*YOUR GOAL*: Print every entry below again exactly as written, skipping the pictures.

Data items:
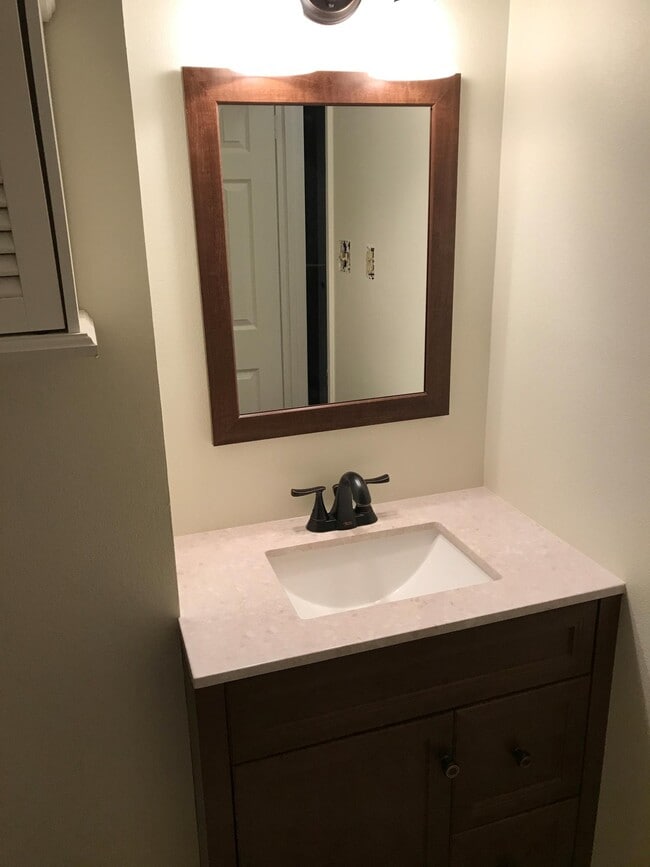 Building Photo - 309 Somerset Dr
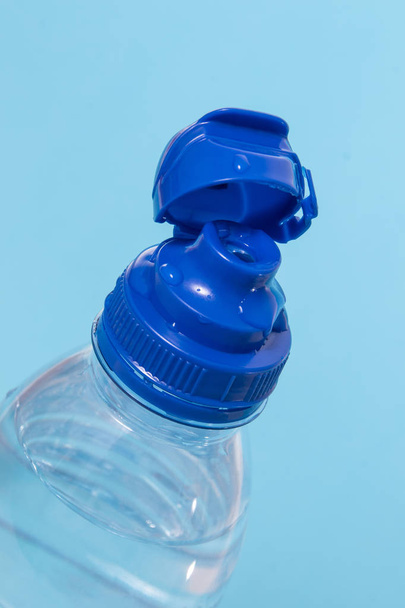 bottiglia di acqua di plastica su uno sfondo blu
. - Foto, immagini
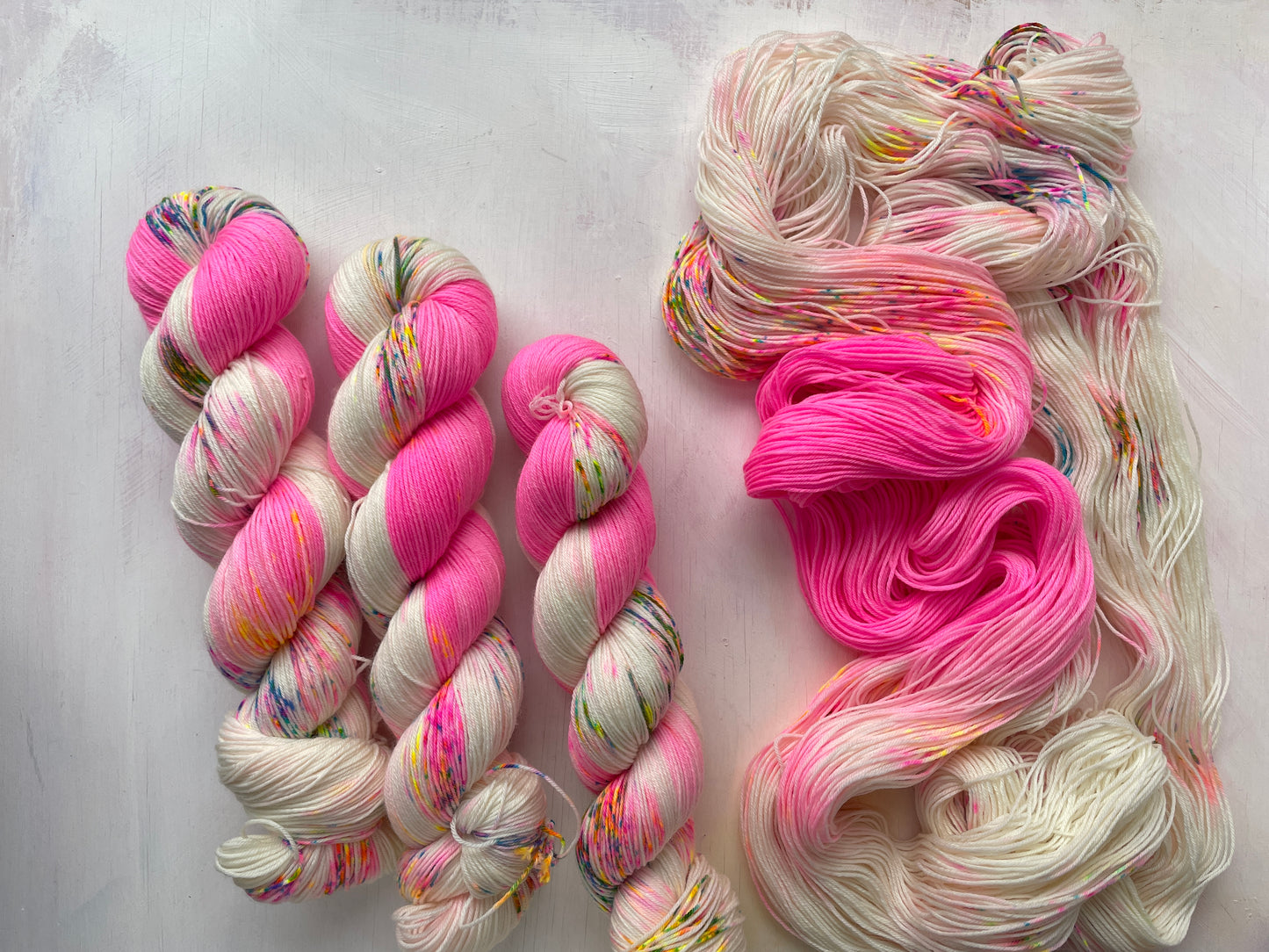 Reverse Pops Pink  - Zip Yarn - Merino nylon - 4ply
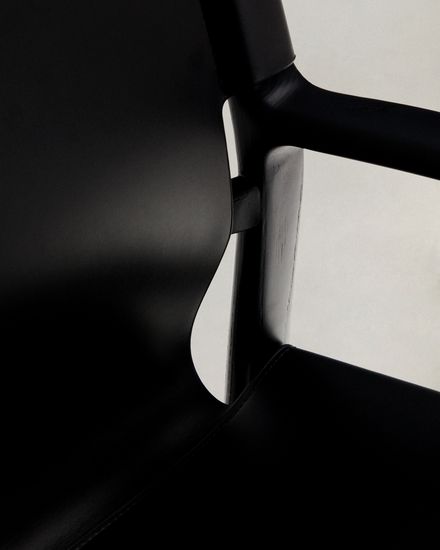 Стул Jan из переработанной кожи черного цвета и ясеня в черном цвете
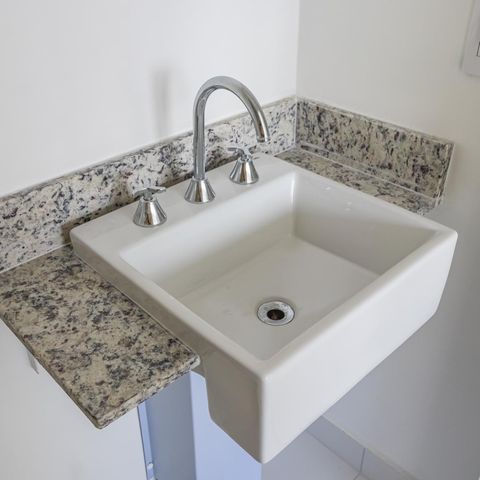 Apartamento à venda com 69m², 2 quartos e 2 vagas Apartamento à venda com 69m², 2 quartos e 2 vagasBanheiro da Suíte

*ANSWER SECTION*:
 Building Photo - 309 Somerset Dr
 bottiglia di acqua di plastica su uno sfondo blu
. - Foto, immagini
 Reverse Pops Pink  - Zip Yarn - Merino nylon - 4ply
 Стул Jan из переработанной кожи черного цвета и ясеня в черном цвете
 Apartamento à venda com 69m², 2 quartos e 2 vagas Apartamento à venda com 69m², 2 quartos e 2 vagasBanheiro da Suíte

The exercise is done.